▸ What the task requires
The records below are to be copied word for word, with every picture left out.

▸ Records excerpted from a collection
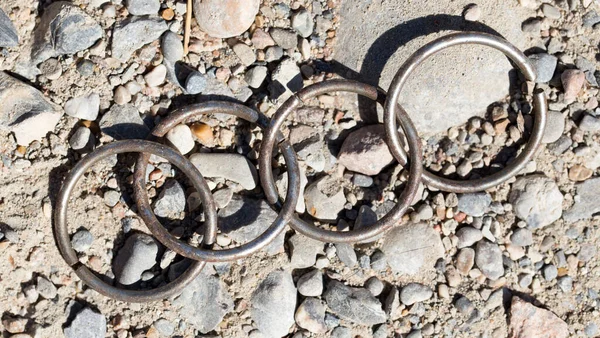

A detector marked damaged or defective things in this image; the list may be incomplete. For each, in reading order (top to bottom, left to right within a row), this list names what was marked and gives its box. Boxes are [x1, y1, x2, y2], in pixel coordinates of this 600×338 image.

rusty metal ring [54, 139, 212, 302]
rusty metal ring [131, 101, 300, 262]
rusty metal ring [260, 79, 424, 243]
rusty metal ring [384, 33, 548, 194]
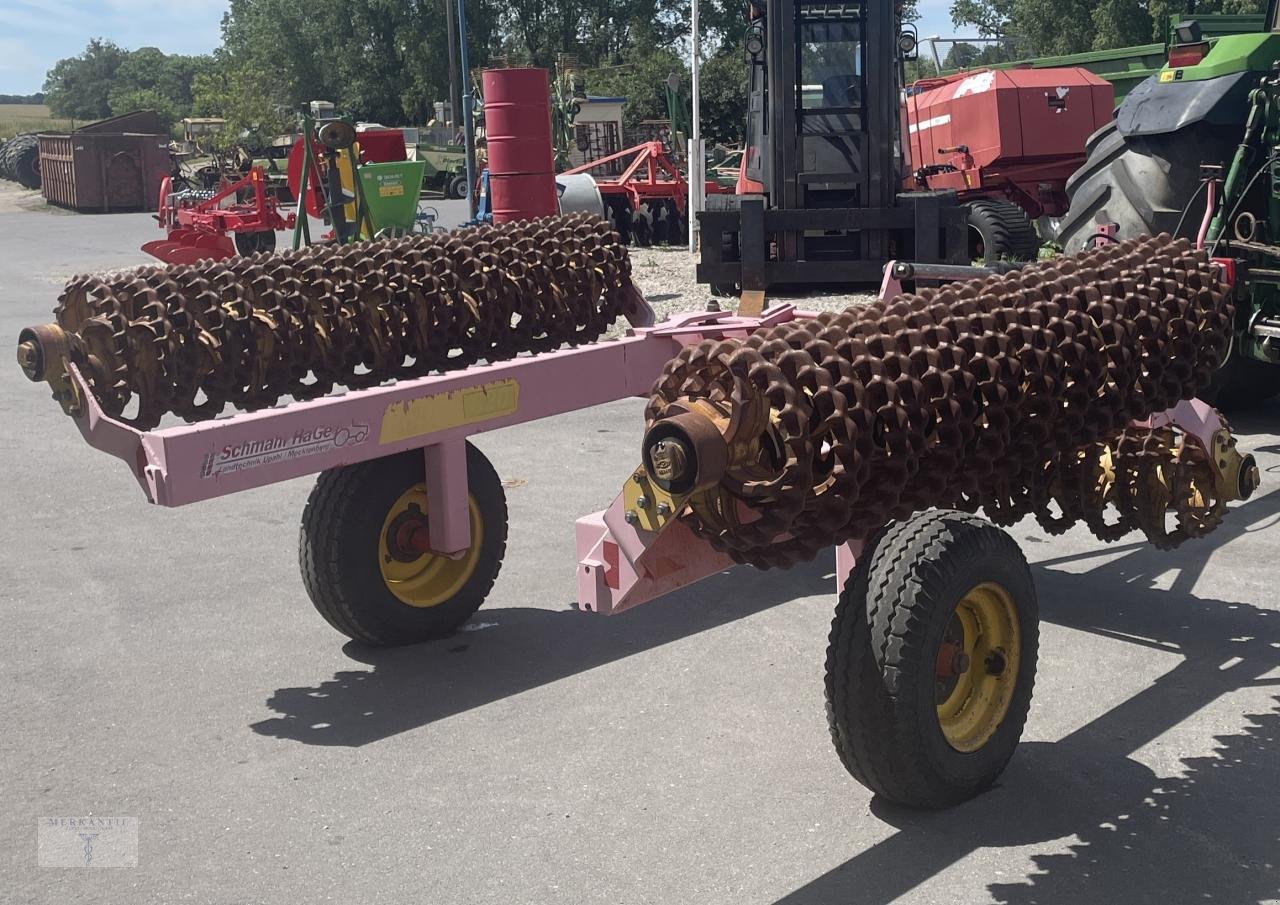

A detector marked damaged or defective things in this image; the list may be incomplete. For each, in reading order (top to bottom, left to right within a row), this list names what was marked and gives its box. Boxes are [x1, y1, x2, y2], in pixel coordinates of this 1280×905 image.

rusty metal surface [22, 212, 632, 427]
rusty cast iron ring roller [17, 213, 637, 430]
rusty metal surface [650, 234, 1239, 565]
rusty cast iron ring roller [645, 235, 1244, 565]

▸ Result of the exercise
A detector marked damaged or defective things in this image; the list may be incomplete. For each, in reading order (top to bottom, left to right within a row), this list names what was marked and gives its box. Boxes are [x1, y1, x2, y2], in pixel coordinates of this 600×338 image.

rusty metal ring [54, 139, 212, 302]
rusty metal ring [131, 101, 300, 262]
rusty metal ring [260, 79, 424, 243]
rusty metal ring [384, 33, 548, 194]

A detector marked damaged or defective things in this image; the list may be incomplete. For each, in reading order (top to bottom, left to right within a row), this list names what was marked and gives its box. Boxes are [x1, y1, x2, y2], in pixel coordinates of this 1280×905 image.

rusty metal surface [22, 212, 632, 427]
rusty cast iron ring roller [17, 213, 637, 430]
rusty metal surface [650, 234, 1239, 565]
rusty cast iron ring roller [645, 235, 1244, 565]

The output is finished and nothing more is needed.